5.5. Лейбницевский принцип предиката в понятии является основной теоремой логики исторической интерпретации. Все утверждения об историческом нар-ративе, рассуждая аналитически, являются или истинными, или ложными.
5.5.1. Модное представление о том, что переменные квантификации займут место субъекта в суждении (Рассел, Куайн) неверно для нарративных утверждений (то есть для утверждений об исторических нарративах). Субъект суждения в утверждениях нарратива незаметен именно потому, что он просто «объединяет» утверждения, содержащиеся в историческом нарративе.
5.5.2. Нарративные интерпретации имеют объяснительную силу, так как из них аналитически может быть получено описание исторических обстоятельств.
5.6. Нет никаких оснований для исторического скептицизма. Можно увидеть рациональное зерно в том, почему историки на определенной стадии исторических дебатов предпочли одно представление о прошлом другому. Скептицизм возникает только тогда, когда кто-то не согласен с рациональностью исторических дебатов и требует абсолютных основ. Но практически это требование никогда не может быть чем-то большим, чем увещевание историков делать свою работу тщательно и добросовестно.

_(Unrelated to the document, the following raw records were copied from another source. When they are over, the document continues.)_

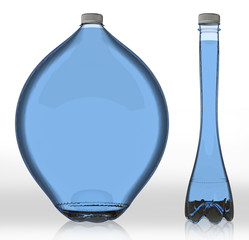 thick and thin bottle. 3d rendering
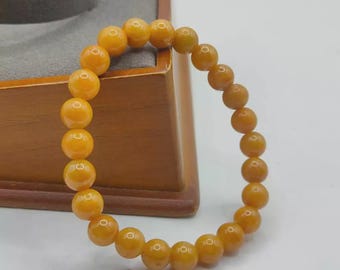Bracelet en jade birman Jadéite naturelle jaune foncé de type A Taille 7,7 mm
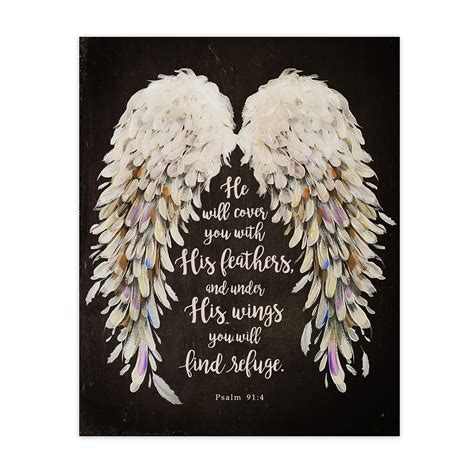 Amazon Under His Wings Christian Wall Decor Faith Bible Verse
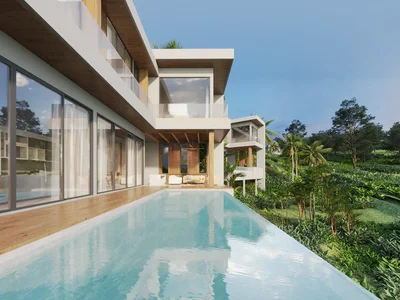 Complexe résidentiel New villas with pools in a residential complex with a natural waterfall, Lamai, Samui, Thailand
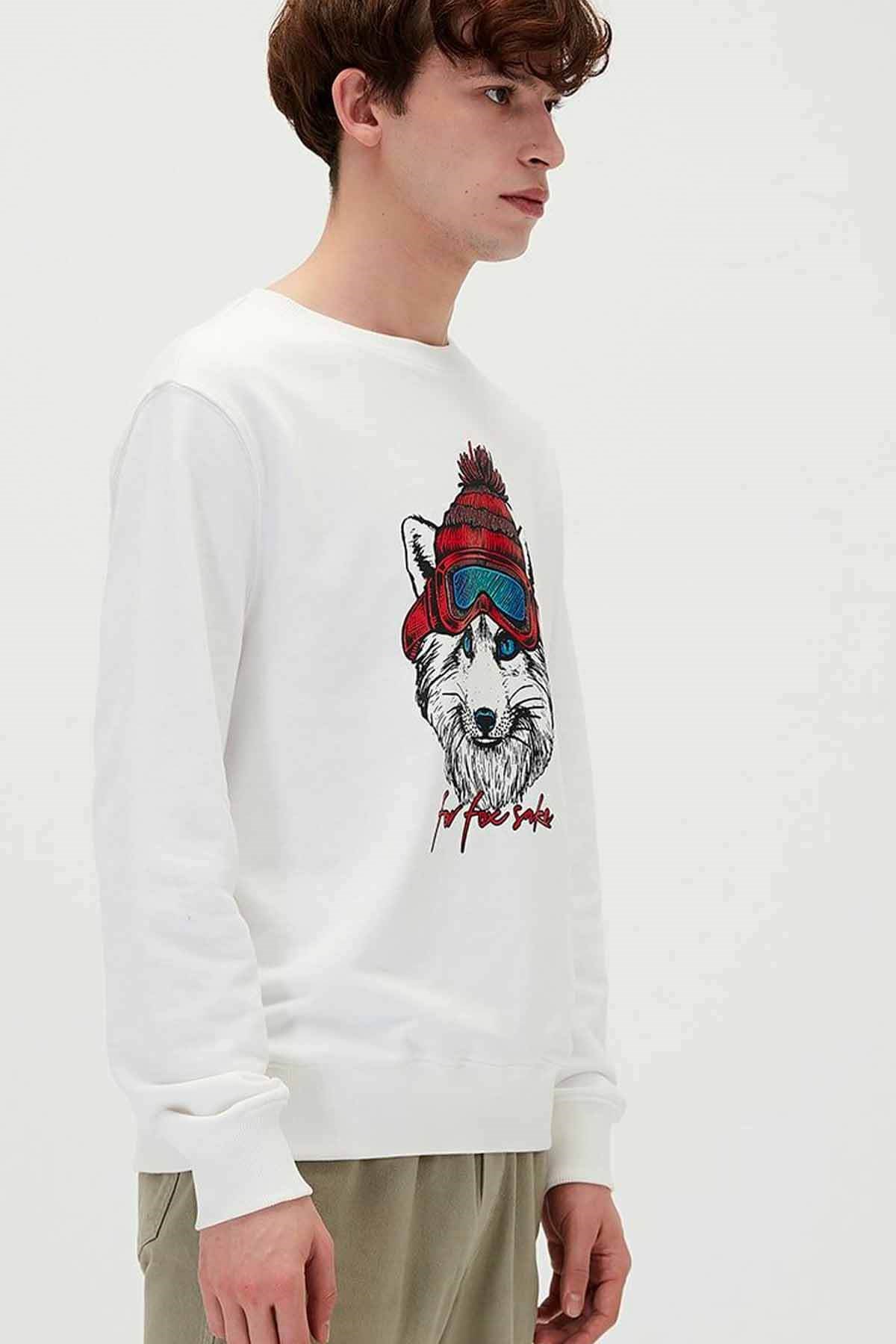 BAD BEARSweatshirtBad Bear Snowfox Crewneck Erkek Sweatshirt 21.02.12.006-C04OFF-WHITE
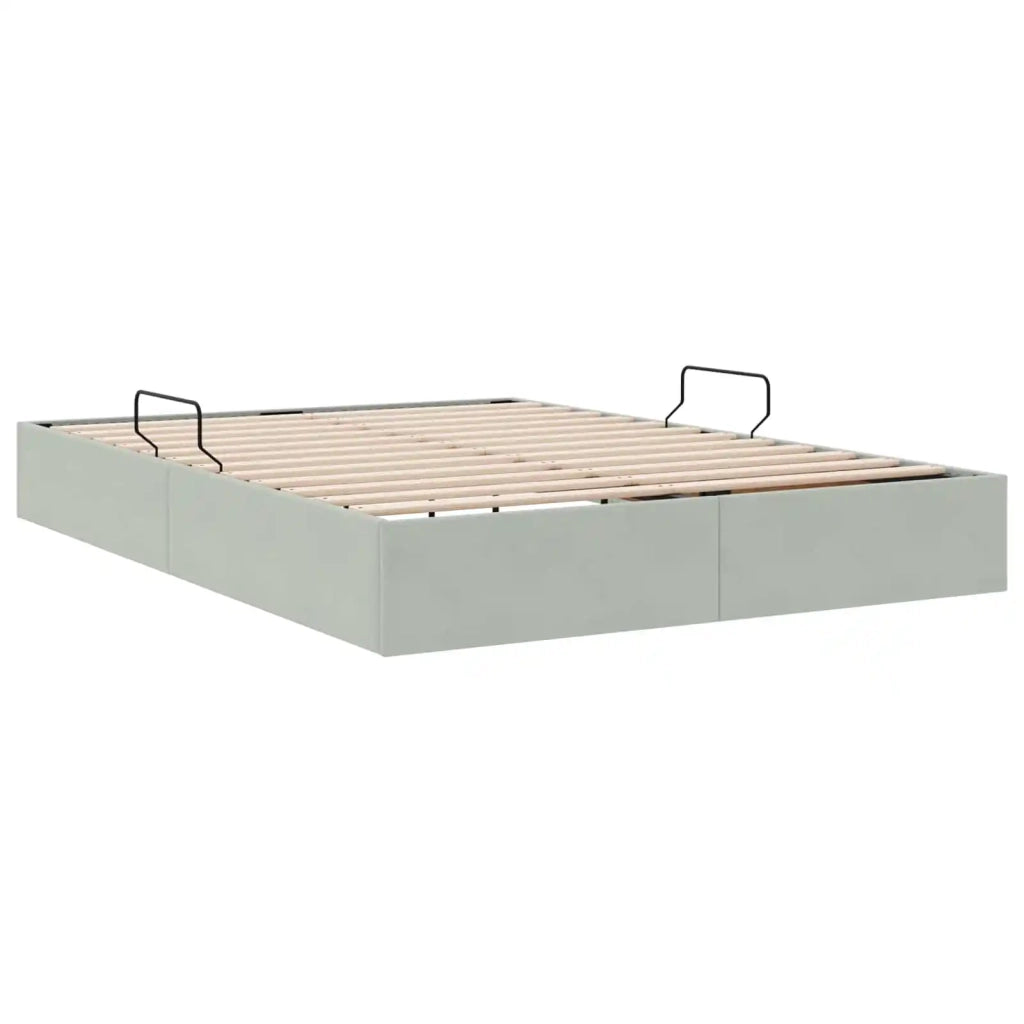 Letto ottomano Grigio Chiaro 140 x 200 cm Velluto 3442886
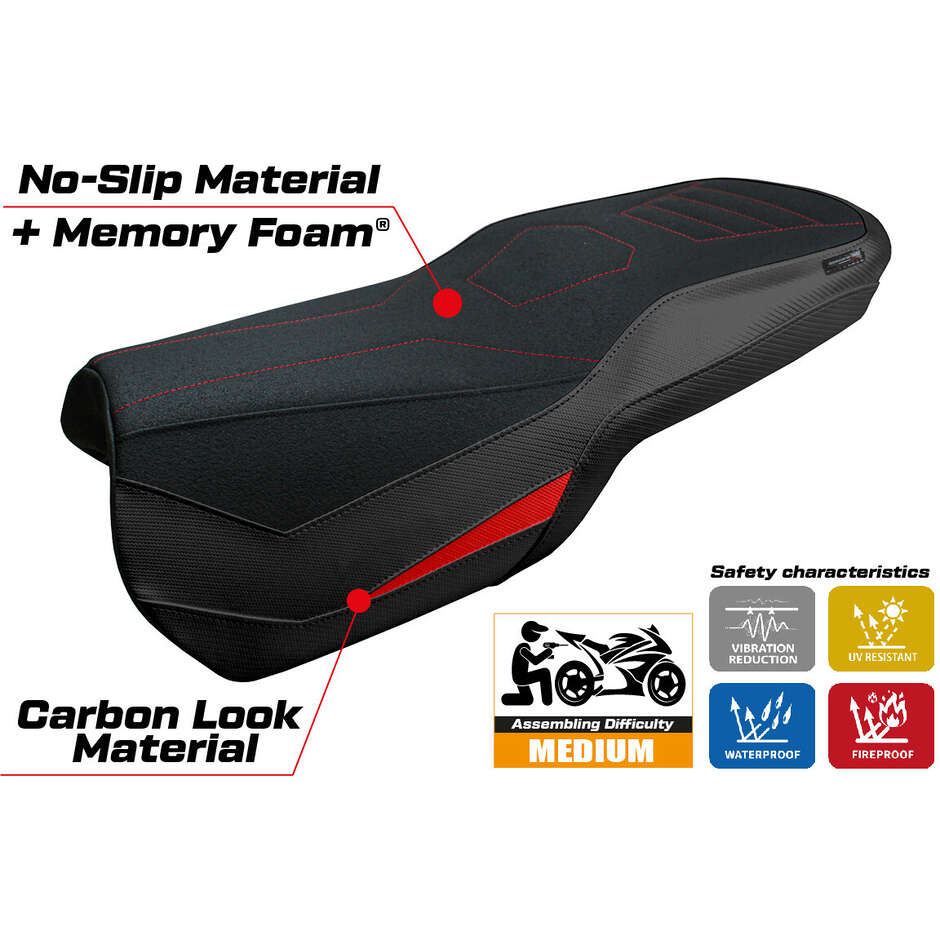Housse de selle TPZ Italia spécifique pour Ducati Multistrada V4, modèle 2021-2025, système de confort Lula Ultragrip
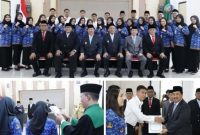 Pengambilan sumpah dipimpin langsung oleh Bupati Jombang Warsubi, S.H., M.Si., Tampak hadir dalam acara tersebut Wakil Bupati Jombang, Salmanudin, S.Ag., M.Pd. Asisten dan Kepala OPD terkait di lingkup Pemkab Jombang, Senin (9/3/2026). Photo: istimewa-edit/Humas Dinas Kominfo Pemkab Jombang 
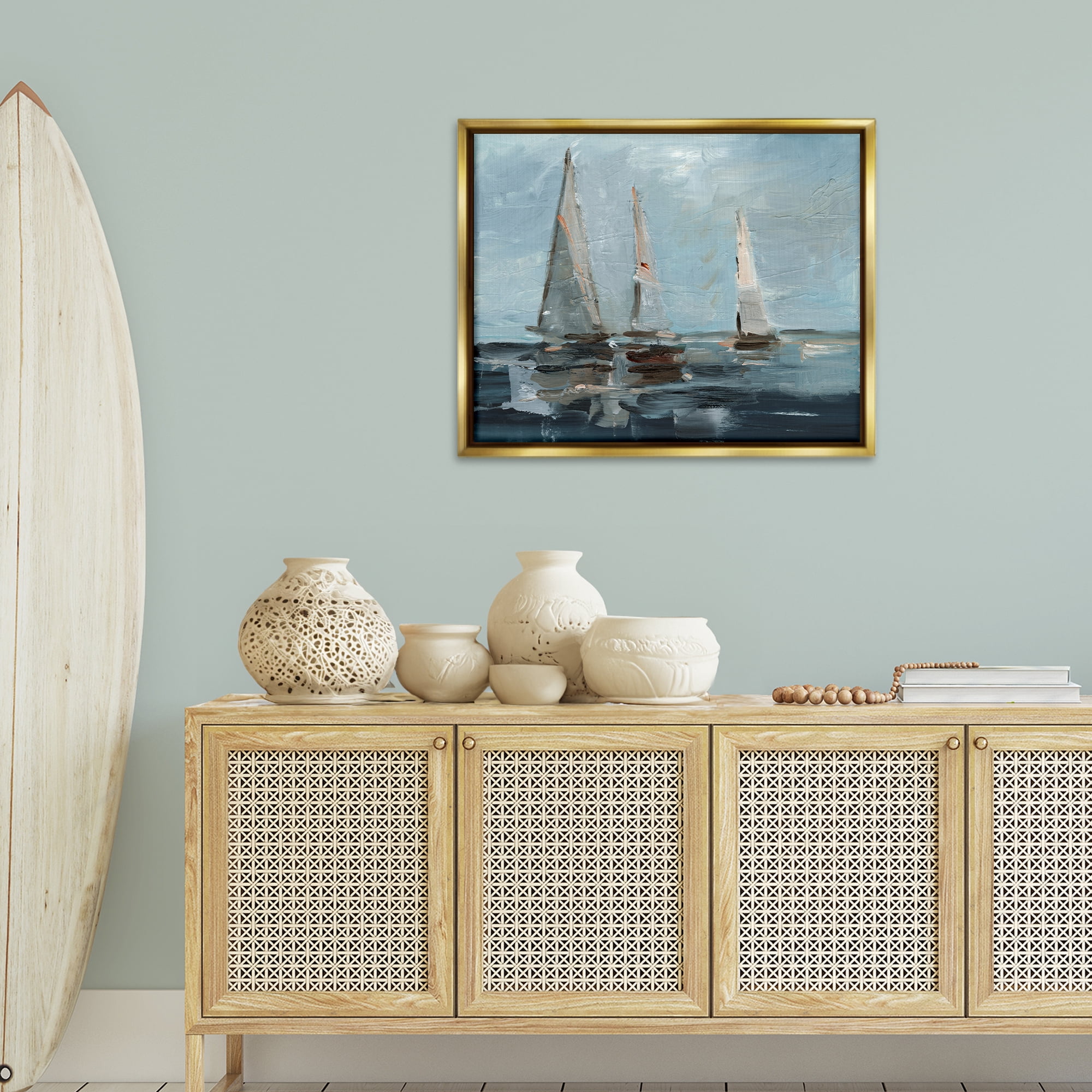 Stupell Industries Moody Sailboats Maritime Transportation Painting Gold Floater Framed Canvas Art Print Wall Art, 31 x 25
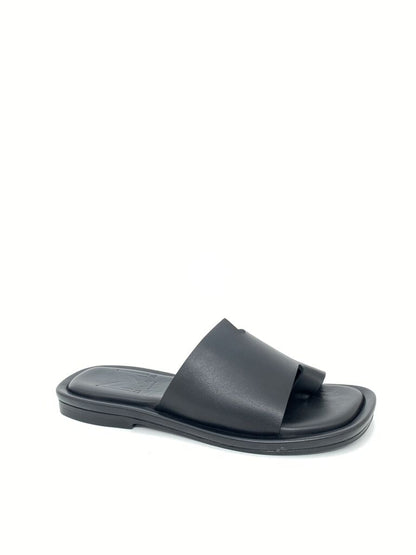 Black Slip-On Sandal with Wide Strap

6. Корни историчности находятся глубже, чем это предполагается как современной историографией, так и современной философией истории.
6.1. Понятие личности является исторической, нарративной интерпретацией – нарративной интерпретацией, которая предполагается всеми другими историческими интерпретациями. Это – ядро истины в англосаксонской герменевтике.
6.1.1. Следовательно, тот факт, что нарративные интерпретации играют роль уже на уровне жизни человеческого индивидуума, никогда не может быть аргументом в пользу определенного варианта нарративного реализма (то есть представления о том, что историческое знание должно быть смоделировано в нашем опыте о повседневной реальности). Другими словами, интепретативныи нарративизм уже овладел нашей повседневной реальностью.
6.1.2. Понятия (модели) индивидуальных вещей логически зависимы от нарративных интерпретаций (идентичность). Таким образом, идентичность предшествует индивидуальности, а не наоборот, как полагает позитивизм (см. 4.7.5).